Emotional capital is strongest in brands that are seen to have good principles.

Ethical brand-owners are determined to do well by their audiences and supply chain, and avoid causing harm – to staff, suppliers, society, and the planet.

As one senior marketer told us “It’s important to make big, bold goals. We need to drive targets and work with others who show commitment to things like CSR and diversity and inclusion efforts.” 
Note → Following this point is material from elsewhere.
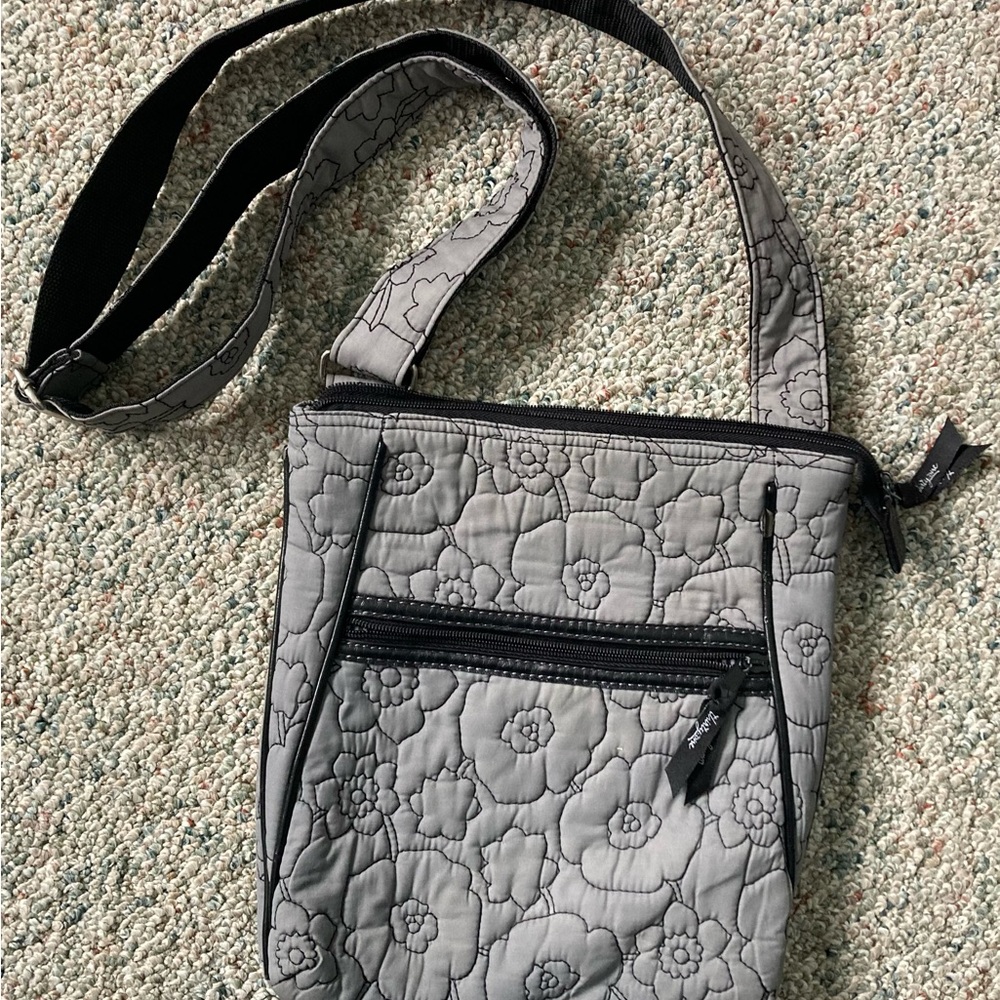 THIRTY-ONE Gray Quilted Poppy Floral Crossbody Adjustable Cotton Shoulder Bag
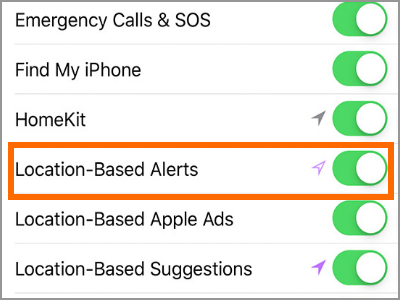 Location-Based Alerts toggle switch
Going back to our grocery study, Amazon Fresh scored poorly across a number of our metrics, driven largely by negative emotion in the areas of responsibility, decency, and ethics. This translates into a considerable rejector audience, and there’s clearly a macro brand job that needs to be done if the service is to truly address issues of trust.

Final Thoughts

All five aspects described above can help brands make incremental gains in Emotional Capital. Because every interaction with a customer matters. If a customer has a bad experience, they could tell seven other people what went wrong. But if someone has a good experience, they may only tell another two.

The key for brands seeking to understand, engage and enthuse customers – building Emotional Capital that strengthens and lengthens relationships – is knowing how to get and stay close to them. It’s rapidly becoming the only way to guarantee success in today’s complex and shifting world.